#### WHAT THIS TASK INVOLVES
Please transcribe exactly the lines from the line holding "Mazda MX-5 2006 cinzento" through the end of the data below, and skip any pictures.

────────────────

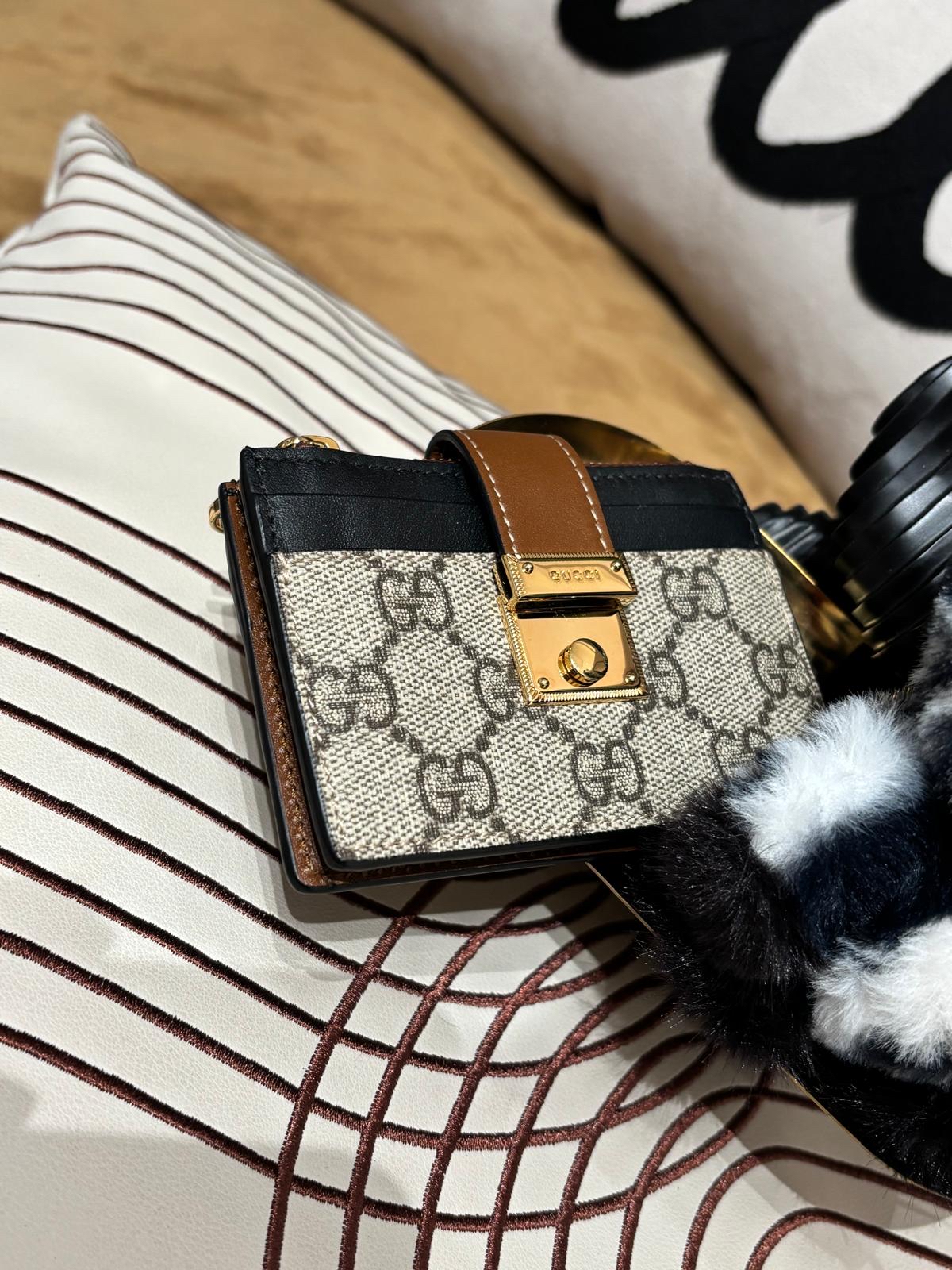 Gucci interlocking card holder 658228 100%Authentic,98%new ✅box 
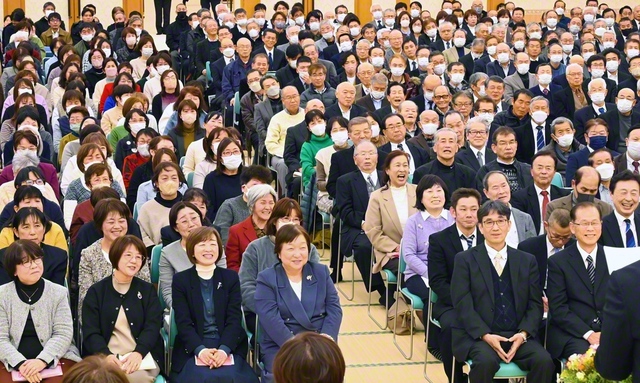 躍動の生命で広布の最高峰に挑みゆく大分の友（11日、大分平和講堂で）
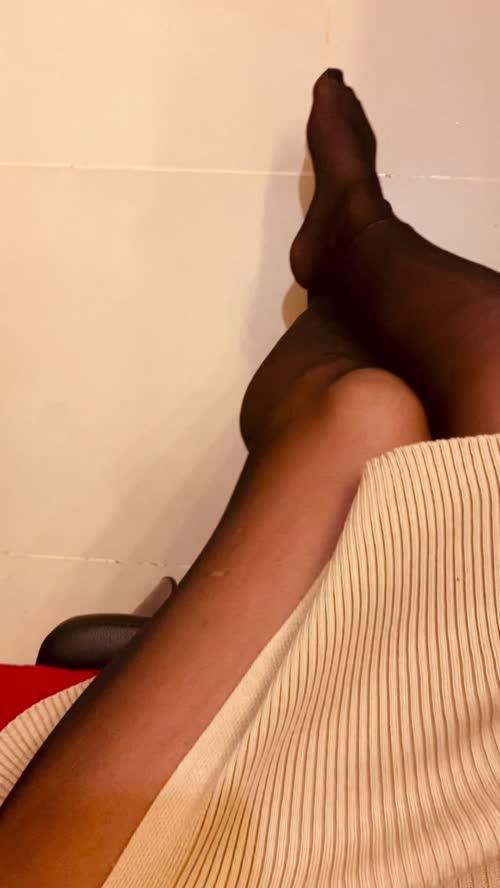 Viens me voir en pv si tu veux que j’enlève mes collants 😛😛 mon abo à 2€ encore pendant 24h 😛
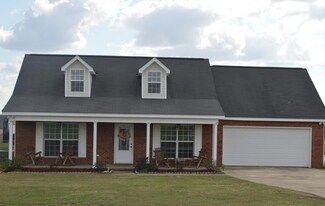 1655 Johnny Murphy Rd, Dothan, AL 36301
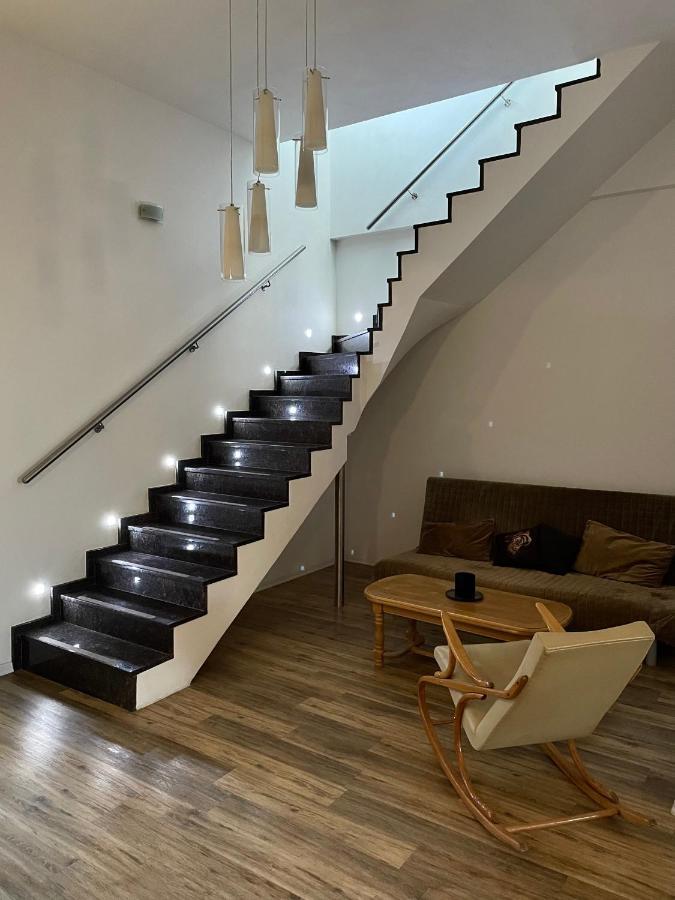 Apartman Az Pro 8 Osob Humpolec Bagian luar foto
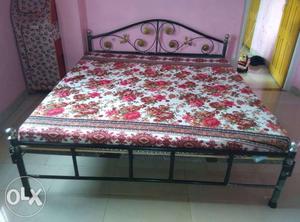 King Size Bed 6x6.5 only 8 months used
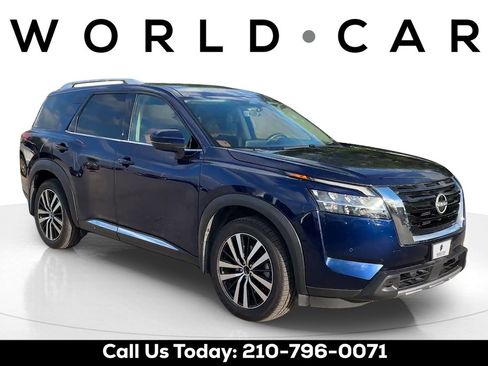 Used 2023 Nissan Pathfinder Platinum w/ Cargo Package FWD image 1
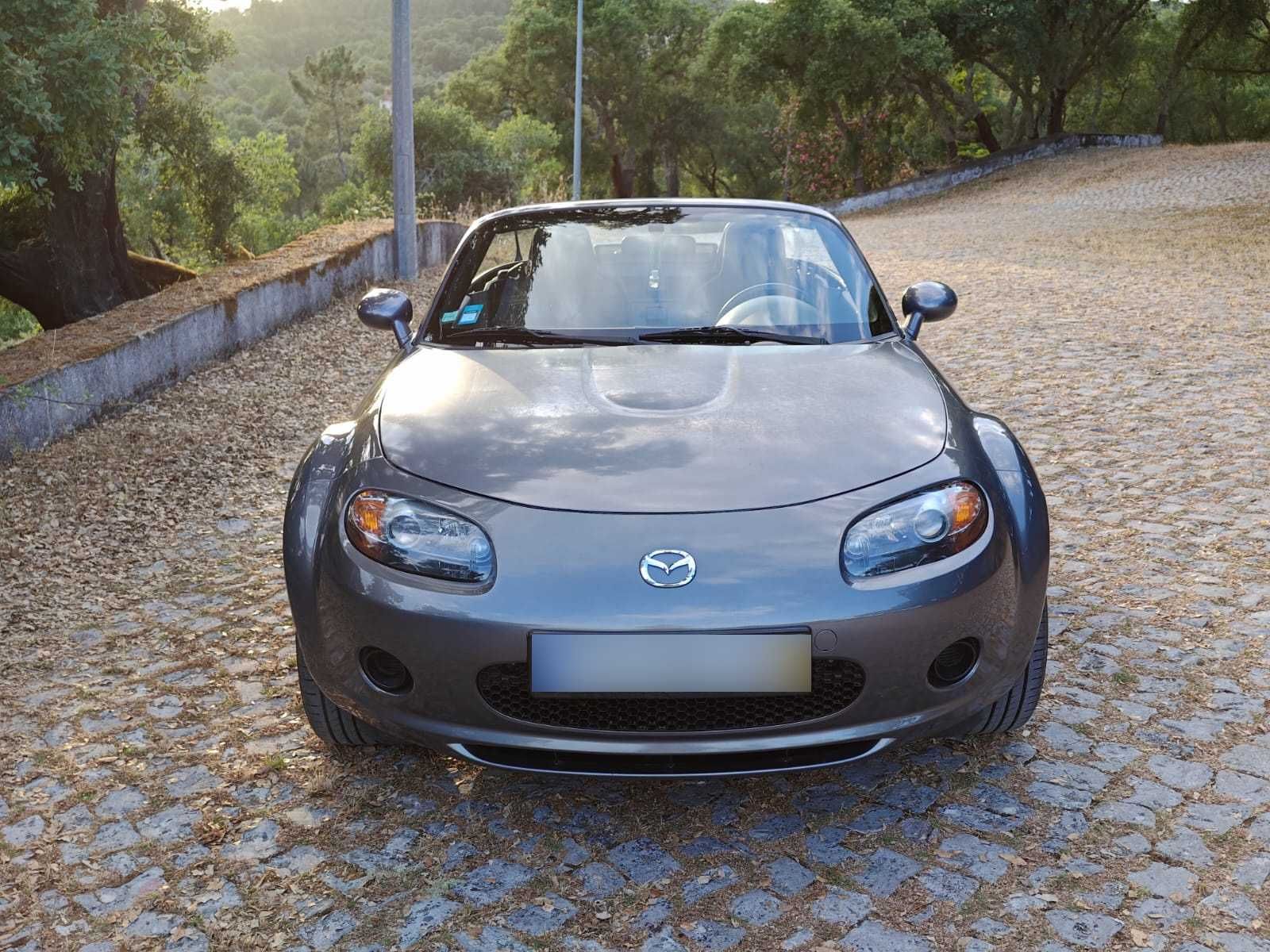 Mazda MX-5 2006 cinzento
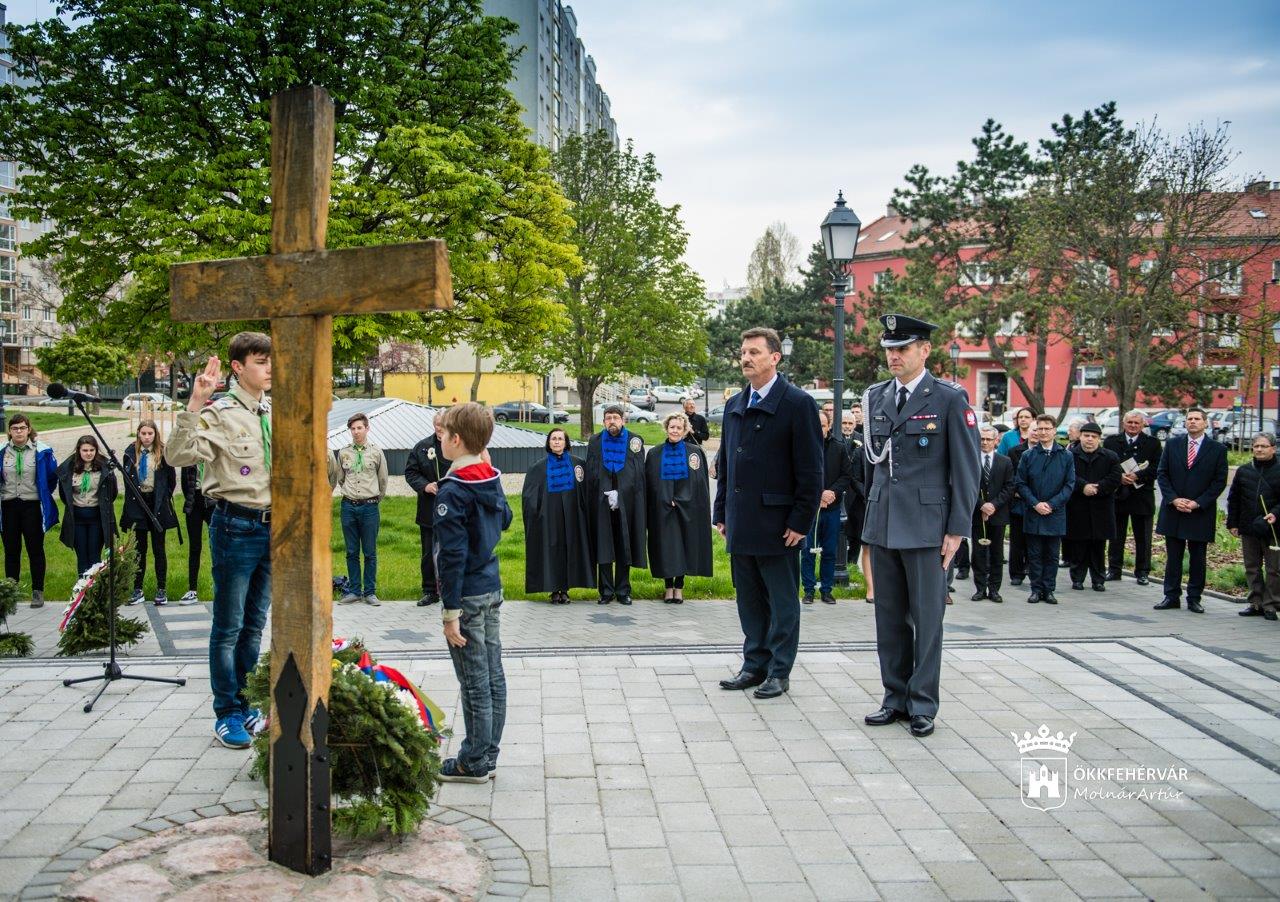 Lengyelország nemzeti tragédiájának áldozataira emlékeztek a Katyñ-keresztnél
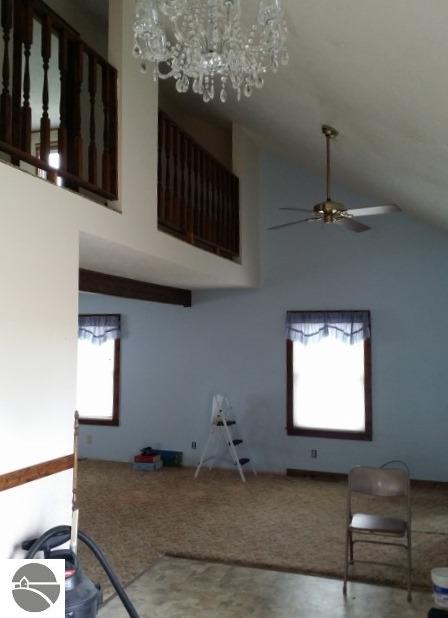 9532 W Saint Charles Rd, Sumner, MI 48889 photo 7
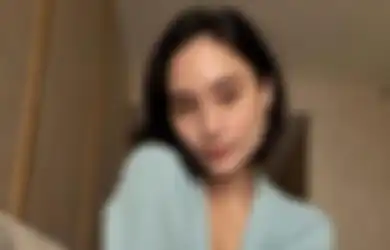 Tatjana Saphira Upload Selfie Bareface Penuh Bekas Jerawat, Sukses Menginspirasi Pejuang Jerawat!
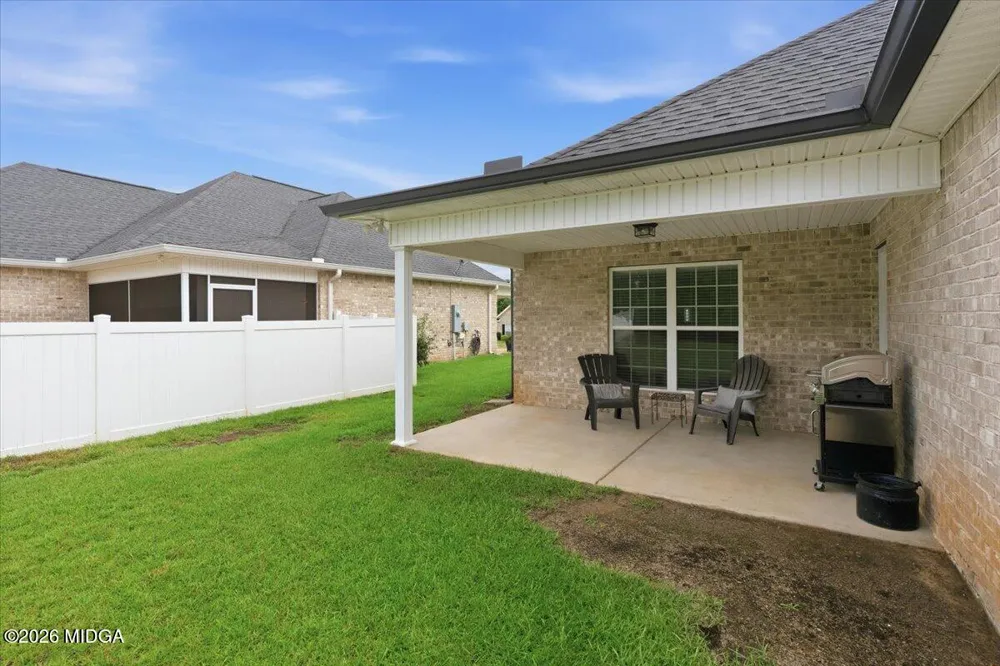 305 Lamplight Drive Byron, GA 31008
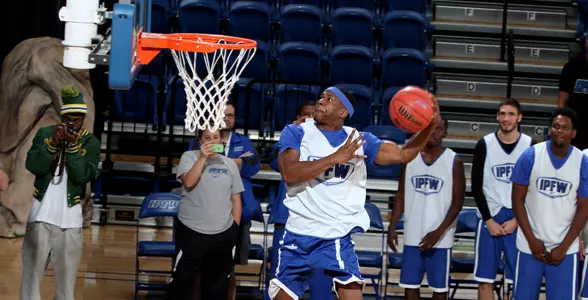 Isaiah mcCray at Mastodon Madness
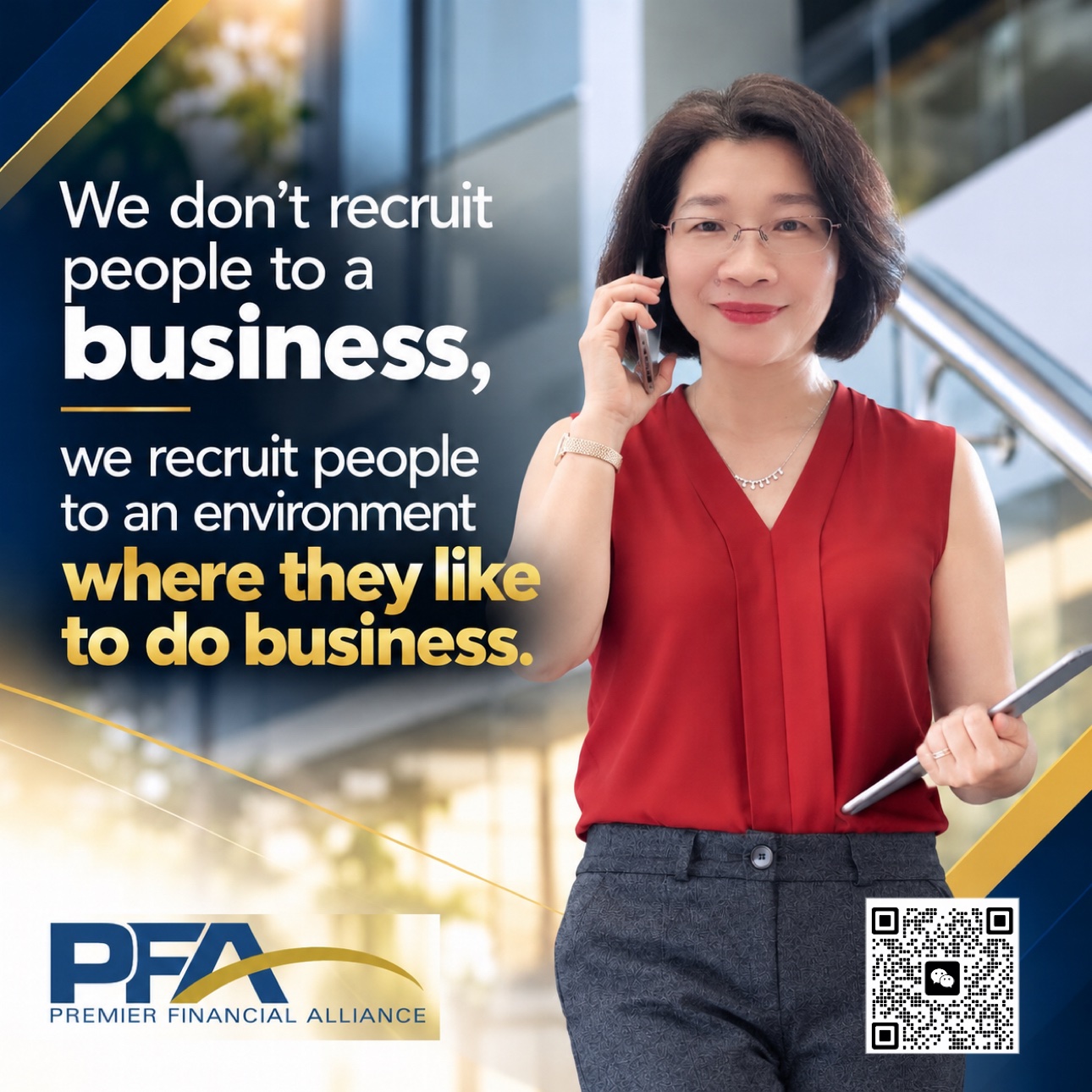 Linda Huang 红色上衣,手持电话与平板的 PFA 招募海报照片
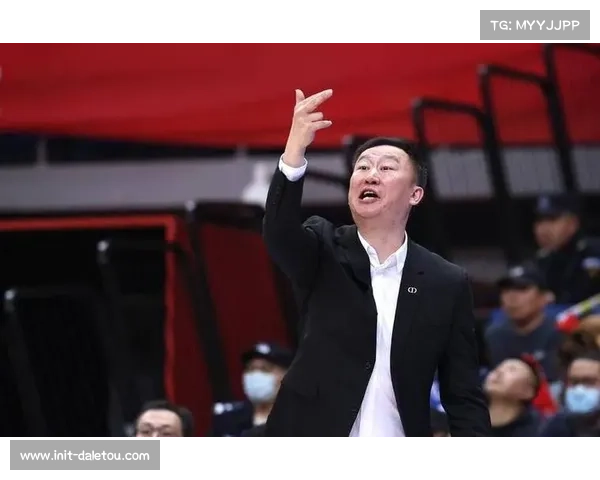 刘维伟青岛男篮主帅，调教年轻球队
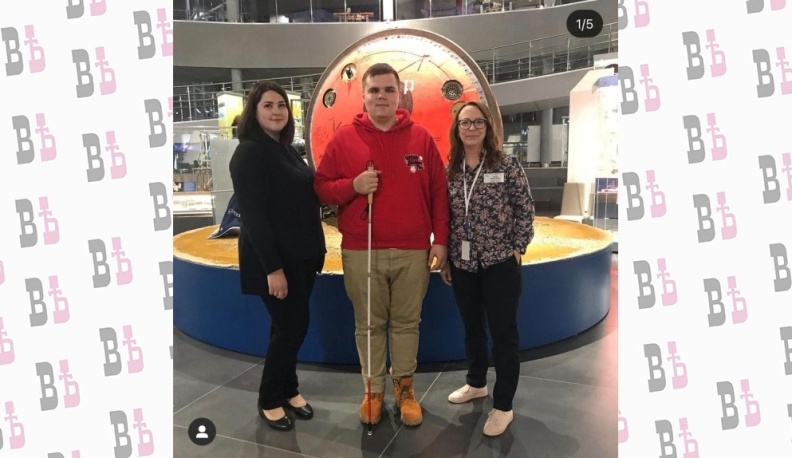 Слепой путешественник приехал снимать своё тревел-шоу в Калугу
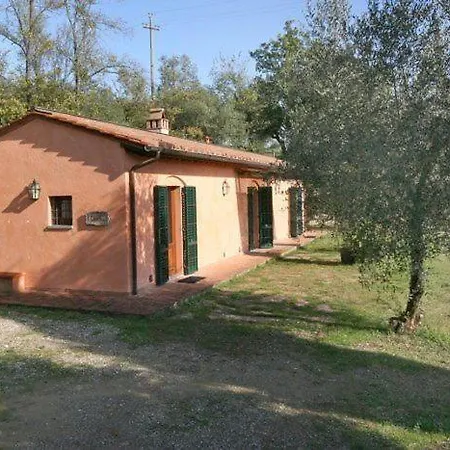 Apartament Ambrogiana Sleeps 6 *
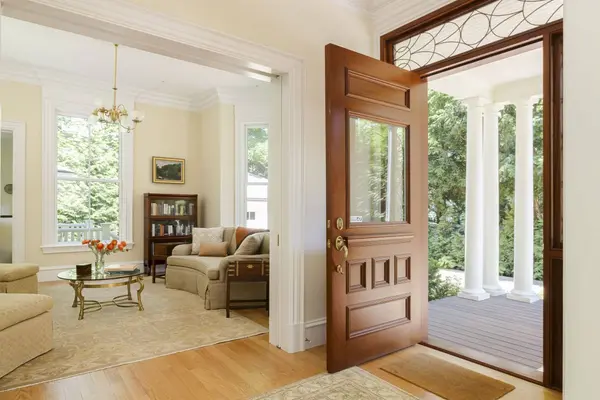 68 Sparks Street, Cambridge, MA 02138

────────────────

#### ANSWER SECTION
 Mazda MX-5 2006 cinzento
 Lengyelország nemzeti tragédiájának áldozataira emlékeztek a Katyñ-keresztnél
 9532 W Saint Charles Rd, Sumner, MI 48889 photo 7
 Tatjana Saphira Upload Selfie Bareface Penuh Bekas Jerawat, Sukses Menginspirasi Pejuang Jerawat!
 305 Lamplight Drive Byron, GA 31008
 Isaiah mcCray at Mastodon Madness
 Linda Huang 红色上衣,手持电话与平板的 PFA 招募海报照片
 刘维伟青岛男篮主帅，调教年轻球队
 Слепой путешественник приехал снимать своё тревел-шоу в Калугу
 Apartament Ambrogiana Sleeps 6 *
 68 Sparks Street, Cambridge, MA 02138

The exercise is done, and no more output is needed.